- First appearance: Dumb-Hounded (1943)
- Created by: Tex Avery
- Designed by: Irving Levine
- Voiced by: Bill Thompson (1943, 1945, 1949–1958) Tex Avery (1943, 1945–1946, 1955) Don Messick (1949–1950, 1956, 1989–1993) Daws Butler (1955) Frank Welker (1980, 2002) Richard Williams (1988–1989) Corey Burton (1990–1993) Billy West (1996–1997) Jeff Bergman (1999–2010, 2017–present) Jeff Bennett (2002) Maurice LaMarche (2003–2004) Joe Alaskey (2004, 2010–2016) Don Brown (2006) Michael Donovan (2006–2007) Joey D'Auria (2018) (see below)

In-universe information
- Alias: Happy Hound
- Species: Dog (Basset Hound)
- Gender: Male
- Family: Drippy (twin brother) Dripple (son)

= Droopy =

Fictional cartoon dog

Droopy is an animated character created by Tex Avery for theatrical cartoon shorts produced by the Metro-Goldwyn-Mayer cartoon studio during the golden age of American animation. He is an anthropomorphic white Basset Hound with a droopy face. Essentially the polar opposite of Avery's other MGM character, the loud and wacky Screwy Squirrel, Droopy is deadpan, diminutive and hardly imposing, speaking a jowly monotone voice; his personality is a façade that hides his incredible strength and competence in outwitting his enemies.

The character first appeared, nameless, in Avery's 1943 cartoon Dumb-Hounded. Though he was not called "Droopy" onscreen until his fifth cartoon, Señor Droopy (1949), the character was already named "Droopy" in model sheets for his first cartoon. He was officially first labeled "Happy Hound", a name used in the character's appearances in Our Gang Comics. He starred in 24 theatrical cartoons, ending in 1958 when MGM closed its cartoon department. The character has been revived several times for new productions including films and television shows also featuring MGM's other famous cartoon stars, Tom and Jerry, either as their ally or adversary. He hosted Turner Broadcasting System's Cartoon Network in its earliest days since its launch in 1992.

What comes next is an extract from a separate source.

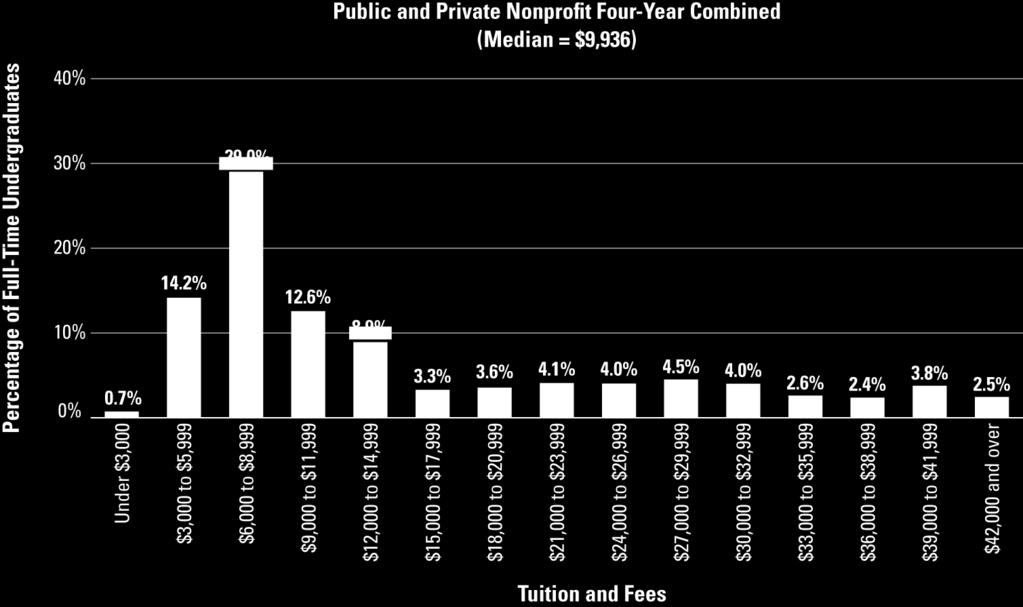 and Fees, 2011-12 SOURCE: The College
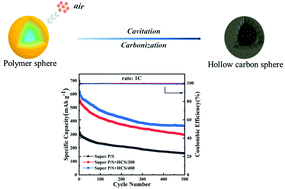 Graphical abstract: Engineering hollow carbon spheres: directly from solid resin spheres to porous hollow carbon spheres via air induced linker cleaving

In the cartoon Northwest Hounded Police, Droopy's last name was given as "McPoodle". In The Chump Champ, it was given as "Poodle". Nevertheless, Droopy is generally understood to be a Basset Hound.

==History==
===Metro-Goldwyn-Mayer===
Droopy first appeared in the MGM cartoon Dumb-Hounded, released on March 20, 1943. Droopy's first scene is when he saunters into view, looks at the audience, and declares, "Hello, all you happy people ... you know what? I'm the hero." In the cartoon, Droopy is tracking an escaped convict and is always waiting for the crook wherever he turns up. Avery had used a similar gag in his Merrie Melodies short Tortoise Beats Hare (1941) starring Bugs Bunny, which in turn was an expansion/exaggeration of the premise of his The Blow Out (1936) with Porky Pig. In fact, this cartoon shows that early ideas about Droopy's personality were already germinating, as that film's Cecil Turtle has similarities to Droopy.

Droopy's meek, deadpan voice and personality were modeled after the character Wallace Wimple on the radio comedy Fibber McGee and Molly; actor Bill Thompson, who played Wimple, was the original voice of Droopy. While Thompson served in the US Navy during World War II, Droopy's voice was provided by other voice actors, including Don Messick, who reprised the role in the 1990s. Avery's preferred gag man Heck Allen said that Avery himself provided the voice on several occasions, and "You couldn't tell the difference." Droopy himself was a versatile actor: he could play a Mountie, a cowboy, a deputy, an heir, or a Dixieland-loving everyday Joe with equal ease. The same voice was used for Big Heel-Watha in the Screwy Squirrel cartoon of the same name and for a Pilgrim who chases a turkey modeled after Jimmy Durante in Avery's 1945 short Jerky Turkey. In his earliest films, Droopy is shown to be equally capable of greed, hyperactivity and lechery (towards Red) as his adversaries upon receiving monetary gain, but still having sufficient self control to maintain his personality; this would be downplayed as Droopy gradually appeared in more cartoons after Northwest Hounded Police (1946).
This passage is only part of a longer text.